Founded upon the premise of making art photography accessible to all, as well as finding new talent as early as possible, once new talent has been identified, the aim is to take the photographs to market, printing them in limited numbers, and promoting them alongside established photographers. YellowKorner’s unique offering taps into both owners’ and crew’s enthusiasm for the yachting lifestyle. The publisher uses special technology that can enhance and print amateur photography to a top tier quality, even in high definition and large format.

“People on board yachts are always with cameras or smart phones taking photos of dramatic landscapes, rare marine life, and gorgeous sunsets,” he says, “memorable moments that they want to capture, and this technology gives them the opportunity to print their own pictures in even very big formats and display them on their yacht’s, home or office walls. This naturally leads to the customisation of interiors; a private photograph creates a unique ambience, and taps into the bespoke element of yachting that is so highly prized.”

More than just a businessman, Kambanis speaks from personal experience, too. Having previously owned an American sportfishing boat, he has for the past twelve years been the proud owner of 23m classic Italian motor yacht Bien Estar. “We have cruised as much as my work allows, preferring to spend time on board in Greece. But she has taken us to some
very special, isolated waters, and we have witnessed some incredible sights during our time on board. We love her.”
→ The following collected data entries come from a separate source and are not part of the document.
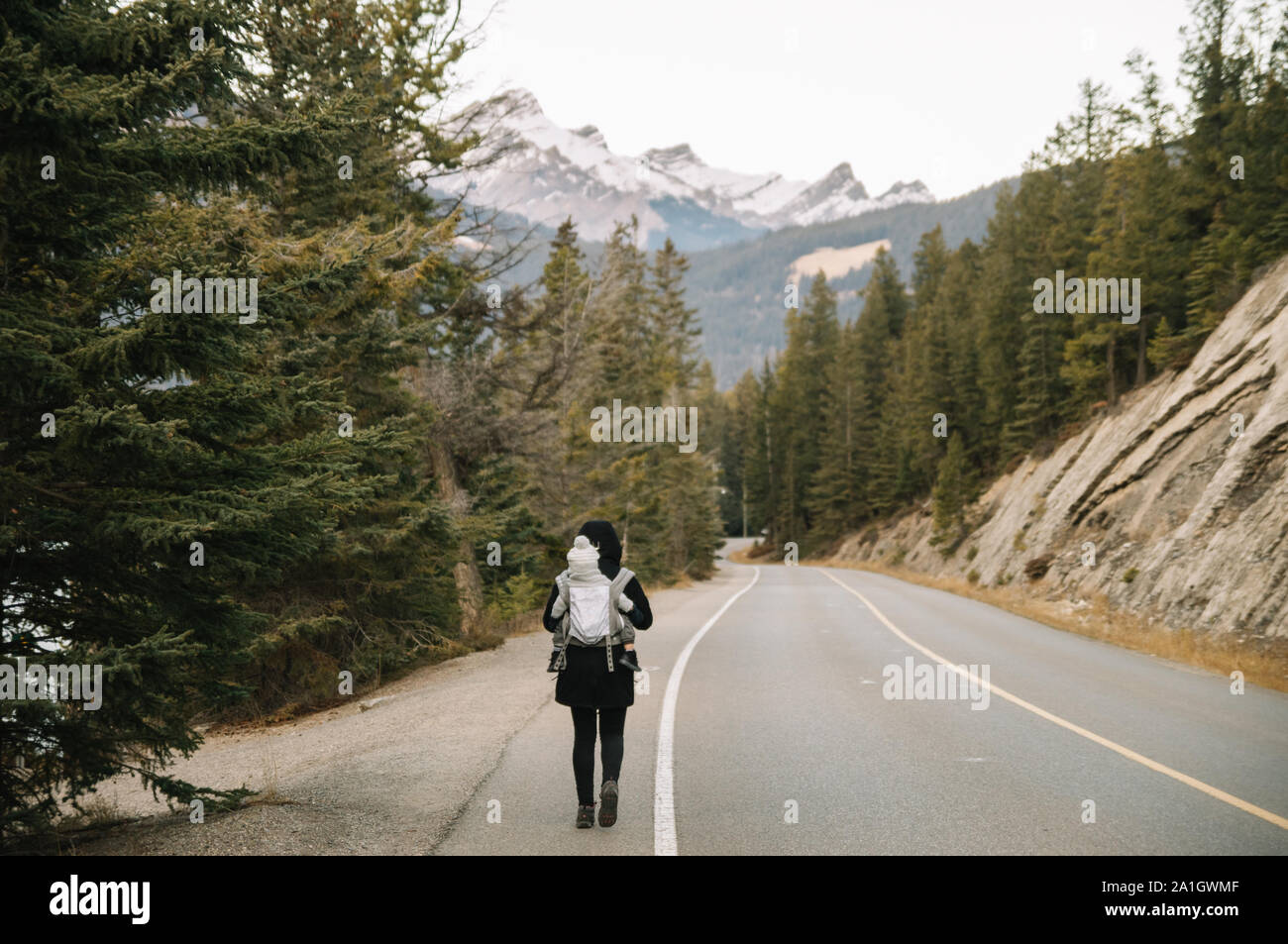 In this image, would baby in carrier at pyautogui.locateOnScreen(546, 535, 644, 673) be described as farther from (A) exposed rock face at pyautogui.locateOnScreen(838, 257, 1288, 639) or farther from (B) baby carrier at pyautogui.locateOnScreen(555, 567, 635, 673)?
(A) exposed rock face at pyautogui.locateOnScreen(838, 257, 1288, 639)

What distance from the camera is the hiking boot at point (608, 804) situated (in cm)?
553

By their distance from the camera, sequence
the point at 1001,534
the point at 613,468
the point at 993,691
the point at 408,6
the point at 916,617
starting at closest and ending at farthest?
the point at 993,691 → the point at 408,6 → the point at 916,617 → the point at 613,468 → the point at 1001,534

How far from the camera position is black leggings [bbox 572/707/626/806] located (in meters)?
5.63

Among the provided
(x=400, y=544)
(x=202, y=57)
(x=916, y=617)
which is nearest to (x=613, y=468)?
(x=916, y=617)

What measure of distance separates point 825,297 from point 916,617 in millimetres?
71419

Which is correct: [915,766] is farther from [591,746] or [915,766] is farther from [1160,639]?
[1160,639]

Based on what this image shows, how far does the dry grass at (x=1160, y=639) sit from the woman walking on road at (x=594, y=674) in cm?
1015

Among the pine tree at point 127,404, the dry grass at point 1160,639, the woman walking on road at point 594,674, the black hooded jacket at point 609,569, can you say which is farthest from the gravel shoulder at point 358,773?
the dry grass at point 1160,639

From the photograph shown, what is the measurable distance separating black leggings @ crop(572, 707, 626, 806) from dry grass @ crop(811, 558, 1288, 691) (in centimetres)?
1013

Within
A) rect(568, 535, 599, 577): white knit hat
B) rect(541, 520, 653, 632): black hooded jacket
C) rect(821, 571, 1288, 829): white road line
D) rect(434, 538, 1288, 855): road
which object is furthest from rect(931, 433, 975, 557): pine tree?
rect(568, 535, 599, 577): white knit hat

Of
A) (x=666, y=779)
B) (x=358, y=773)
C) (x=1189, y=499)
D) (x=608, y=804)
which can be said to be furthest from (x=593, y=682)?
(x=1189, y=499)

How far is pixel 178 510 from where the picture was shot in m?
5.19

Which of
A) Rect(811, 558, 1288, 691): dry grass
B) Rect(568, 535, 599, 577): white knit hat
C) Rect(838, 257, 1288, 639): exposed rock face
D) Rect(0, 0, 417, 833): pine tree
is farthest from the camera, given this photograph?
Rect(838, 257, 1288, 639): exposed rock face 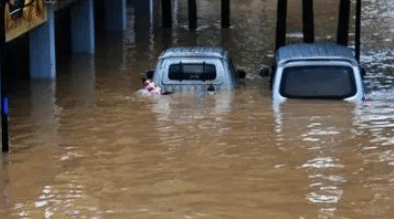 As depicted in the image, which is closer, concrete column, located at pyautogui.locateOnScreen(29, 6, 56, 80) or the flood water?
the flood water

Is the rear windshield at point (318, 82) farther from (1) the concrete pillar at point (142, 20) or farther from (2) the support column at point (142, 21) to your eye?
(1) the concrete pillar at point (142, 20)

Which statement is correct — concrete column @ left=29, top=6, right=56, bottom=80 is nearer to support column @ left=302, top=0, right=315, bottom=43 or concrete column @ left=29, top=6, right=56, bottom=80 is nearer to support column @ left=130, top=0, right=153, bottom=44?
support column @ left=302, top=0, right=315, bottom=43

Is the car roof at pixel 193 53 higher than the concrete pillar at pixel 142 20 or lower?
higher

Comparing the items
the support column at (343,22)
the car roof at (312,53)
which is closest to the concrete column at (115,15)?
the support column at (343,22)

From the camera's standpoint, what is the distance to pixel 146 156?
40.2 ft

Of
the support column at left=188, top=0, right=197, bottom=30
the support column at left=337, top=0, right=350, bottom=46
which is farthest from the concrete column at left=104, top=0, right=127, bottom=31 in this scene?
the support column at left=337, top=0, right=350, bottom=46

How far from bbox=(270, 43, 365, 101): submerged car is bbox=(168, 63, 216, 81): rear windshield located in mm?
1287

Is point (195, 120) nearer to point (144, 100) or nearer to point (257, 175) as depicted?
point (144, 100)

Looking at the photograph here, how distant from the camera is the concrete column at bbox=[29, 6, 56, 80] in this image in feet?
64.6

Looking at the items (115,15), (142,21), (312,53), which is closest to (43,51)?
(312,53)

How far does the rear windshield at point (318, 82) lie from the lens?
45.5 feet

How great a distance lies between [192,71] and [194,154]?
3270 mm

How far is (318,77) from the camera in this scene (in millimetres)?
14008

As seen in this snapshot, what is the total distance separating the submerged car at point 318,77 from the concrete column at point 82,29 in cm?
1035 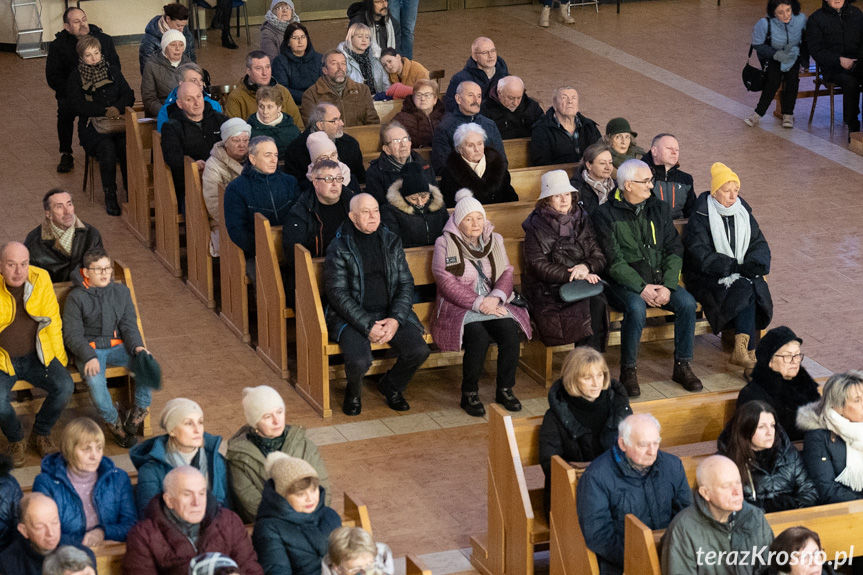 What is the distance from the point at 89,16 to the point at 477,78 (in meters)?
6.28

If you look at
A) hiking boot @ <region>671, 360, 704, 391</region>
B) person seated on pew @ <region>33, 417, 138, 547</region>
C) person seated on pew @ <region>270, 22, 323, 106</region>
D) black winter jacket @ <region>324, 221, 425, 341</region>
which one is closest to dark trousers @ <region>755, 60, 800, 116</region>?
person seated on pew @ <region>270, 22, 323, 106</region>

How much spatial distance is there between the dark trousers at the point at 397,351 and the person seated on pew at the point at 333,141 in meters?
1.45

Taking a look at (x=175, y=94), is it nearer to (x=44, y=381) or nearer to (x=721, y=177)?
(x=44, y=381)

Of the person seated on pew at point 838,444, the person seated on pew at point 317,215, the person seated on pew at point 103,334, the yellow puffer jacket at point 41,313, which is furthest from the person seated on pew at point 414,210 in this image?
the person seated on pew at point 838,444

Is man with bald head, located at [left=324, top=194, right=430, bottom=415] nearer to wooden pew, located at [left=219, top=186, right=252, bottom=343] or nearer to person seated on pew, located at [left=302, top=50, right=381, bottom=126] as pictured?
wooden pew, located at [left=219, top=186, right=252, bottom=343]

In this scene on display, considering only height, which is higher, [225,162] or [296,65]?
[296,65]

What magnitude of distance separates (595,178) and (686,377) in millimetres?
1316

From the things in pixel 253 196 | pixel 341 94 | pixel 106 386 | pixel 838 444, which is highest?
pixel 341 94

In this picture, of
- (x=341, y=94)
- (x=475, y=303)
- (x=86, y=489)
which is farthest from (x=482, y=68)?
(x=86, y=489)

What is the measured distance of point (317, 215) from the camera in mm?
7113

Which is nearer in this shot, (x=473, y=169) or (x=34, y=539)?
(x=34, y=539)

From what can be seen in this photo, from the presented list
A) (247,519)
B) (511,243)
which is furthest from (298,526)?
(511,243)

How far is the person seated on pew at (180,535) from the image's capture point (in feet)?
14.6

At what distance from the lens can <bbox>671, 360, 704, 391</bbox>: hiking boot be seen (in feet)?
23.3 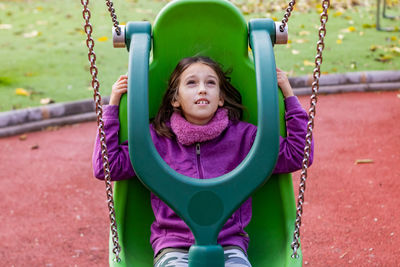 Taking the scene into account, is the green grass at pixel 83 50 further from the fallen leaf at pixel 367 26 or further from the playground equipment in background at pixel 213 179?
the playground equipment in background at pixel 213 179

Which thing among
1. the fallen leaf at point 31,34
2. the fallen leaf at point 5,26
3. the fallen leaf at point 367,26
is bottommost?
the fallen leaf at point 367,26

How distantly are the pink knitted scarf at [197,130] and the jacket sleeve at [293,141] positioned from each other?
0.25 metres

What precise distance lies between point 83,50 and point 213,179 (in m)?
5.63

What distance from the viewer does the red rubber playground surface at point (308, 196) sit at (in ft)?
11.4

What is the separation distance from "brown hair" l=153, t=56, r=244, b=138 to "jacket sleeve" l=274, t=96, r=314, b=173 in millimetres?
231

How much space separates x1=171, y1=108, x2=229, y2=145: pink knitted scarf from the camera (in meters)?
2.58

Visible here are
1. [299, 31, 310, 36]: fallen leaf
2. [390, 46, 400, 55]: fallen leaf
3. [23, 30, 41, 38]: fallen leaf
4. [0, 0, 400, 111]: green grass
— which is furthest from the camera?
[23, 30, 41, 38]: fallen leaf

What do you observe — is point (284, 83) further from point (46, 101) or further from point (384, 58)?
point (384, 58)

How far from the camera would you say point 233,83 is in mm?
2834

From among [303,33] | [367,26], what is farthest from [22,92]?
[367,26]

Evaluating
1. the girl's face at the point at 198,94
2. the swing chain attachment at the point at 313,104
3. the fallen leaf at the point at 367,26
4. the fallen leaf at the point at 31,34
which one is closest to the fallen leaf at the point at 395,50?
the fallen leaf at the point at 367,26

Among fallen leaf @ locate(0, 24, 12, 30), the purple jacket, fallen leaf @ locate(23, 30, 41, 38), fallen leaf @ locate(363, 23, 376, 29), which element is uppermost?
the purple jacket

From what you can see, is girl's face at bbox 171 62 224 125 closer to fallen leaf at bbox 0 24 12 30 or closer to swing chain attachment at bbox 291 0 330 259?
swing chain attachment at bbox 291 0 330 259

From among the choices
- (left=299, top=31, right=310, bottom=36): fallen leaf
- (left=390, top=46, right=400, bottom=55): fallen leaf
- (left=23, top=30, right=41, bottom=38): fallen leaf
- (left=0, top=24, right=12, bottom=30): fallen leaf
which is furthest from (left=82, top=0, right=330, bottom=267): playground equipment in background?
(left=0, top=24, right=12, bottom=30): fallen leaf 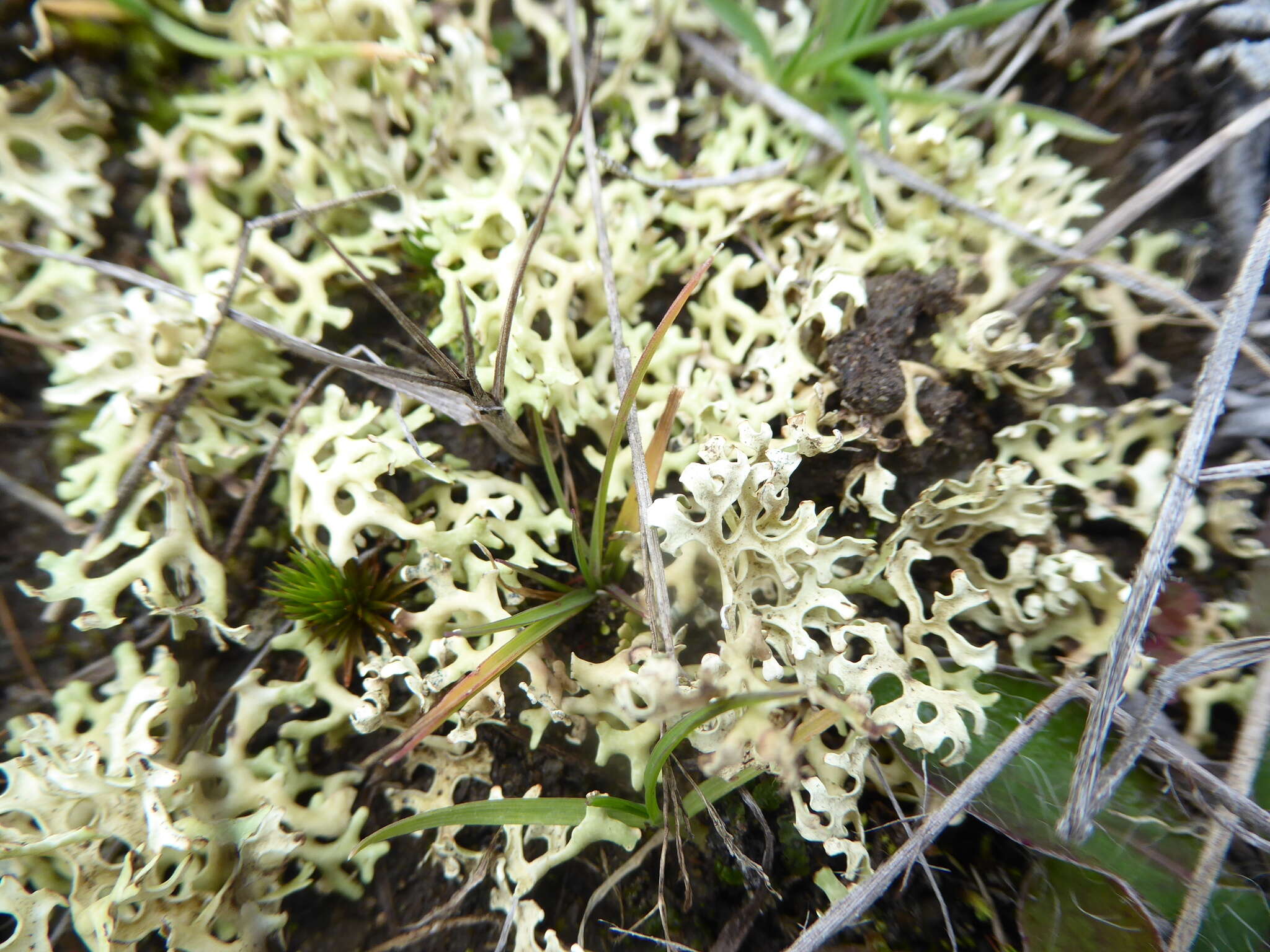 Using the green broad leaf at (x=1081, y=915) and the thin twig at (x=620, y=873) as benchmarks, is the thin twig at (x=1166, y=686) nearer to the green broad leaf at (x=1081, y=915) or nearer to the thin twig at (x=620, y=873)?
the green broad leaf at (x=1081, y=915)

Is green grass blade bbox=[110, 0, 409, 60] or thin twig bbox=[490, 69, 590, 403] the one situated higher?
green grass blade bbox=[110, 0, 409, 60]

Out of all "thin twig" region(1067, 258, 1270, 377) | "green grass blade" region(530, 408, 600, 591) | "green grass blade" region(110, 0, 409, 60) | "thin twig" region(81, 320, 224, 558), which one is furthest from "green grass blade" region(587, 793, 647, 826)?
"green grass blade" region(110, 0, 409, 60)

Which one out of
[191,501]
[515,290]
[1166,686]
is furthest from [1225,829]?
[191,501]

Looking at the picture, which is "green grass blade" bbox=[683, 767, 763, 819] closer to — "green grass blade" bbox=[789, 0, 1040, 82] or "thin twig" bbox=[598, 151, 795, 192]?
"thin twig" bbox=[598, 151, 795, 192]

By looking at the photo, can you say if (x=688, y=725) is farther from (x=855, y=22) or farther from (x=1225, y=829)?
(x=855, y=22)

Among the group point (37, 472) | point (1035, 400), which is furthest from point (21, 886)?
point (1035, 400)

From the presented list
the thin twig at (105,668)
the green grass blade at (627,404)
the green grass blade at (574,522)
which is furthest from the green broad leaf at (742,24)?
the thin twig at (105,668) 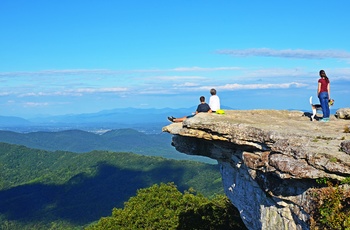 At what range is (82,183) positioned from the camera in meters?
152

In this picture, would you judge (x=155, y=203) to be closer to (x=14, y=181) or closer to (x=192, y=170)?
(x=192, y=170)

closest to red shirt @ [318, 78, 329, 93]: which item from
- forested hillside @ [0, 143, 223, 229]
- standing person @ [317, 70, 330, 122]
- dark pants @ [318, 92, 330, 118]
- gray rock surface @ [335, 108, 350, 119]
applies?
standing person @ [317, 70, 330, 122]

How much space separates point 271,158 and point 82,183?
14784 cm

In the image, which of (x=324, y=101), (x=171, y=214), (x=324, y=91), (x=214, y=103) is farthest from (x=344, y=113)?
(x=171, y=214)

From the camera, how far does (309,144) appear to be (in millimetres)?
10891

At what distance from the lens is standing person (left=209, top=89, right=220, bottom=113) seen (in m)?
16.6

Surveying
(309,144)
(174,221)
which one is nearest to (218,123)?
(309,144)

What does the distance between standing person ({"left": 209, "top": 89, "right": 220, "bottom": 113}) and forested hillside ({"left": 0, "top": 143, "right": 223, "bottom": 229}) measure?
89106 mm

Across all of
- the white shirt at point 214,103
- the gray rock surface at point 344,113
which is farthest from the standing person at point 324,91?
the white shirt at point 214,103

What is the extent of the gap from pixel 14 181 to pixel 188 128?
173 m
And what of the art that features on board his own yacht? “I am a fan of a wide variety of photographers,” says Kambanis. “Laurent Dequick, a French photographer, showed me how he uses light in his work, and he took some pictures of Monaco for display in our gallery, which are fantastic. I also really like Slim Aarons, an American photographer noted for photographing socialites, jet-setters and celebrities from the 1950s, and Peter Hankfield, a Liverpudlian photographer who has shot some of my favourite rock stars in action.

“But, on board Bien Estar, my favourite photos are of Salvador Dali (whom I adore) after he’s been swimming, and a piece called ‘Water Harmony’ by Rarindra Prakarsa, which shows young children playing in water. It’s so lively, and the children are so happy, it taps into everything that I love about being at sea. Being in touch with the elements and trying to tame the wind and water, and the sense of exploring that it gives you.
Even if you only venture to a small cove, anchoring and diving, it’s always an inspirational experience for me.”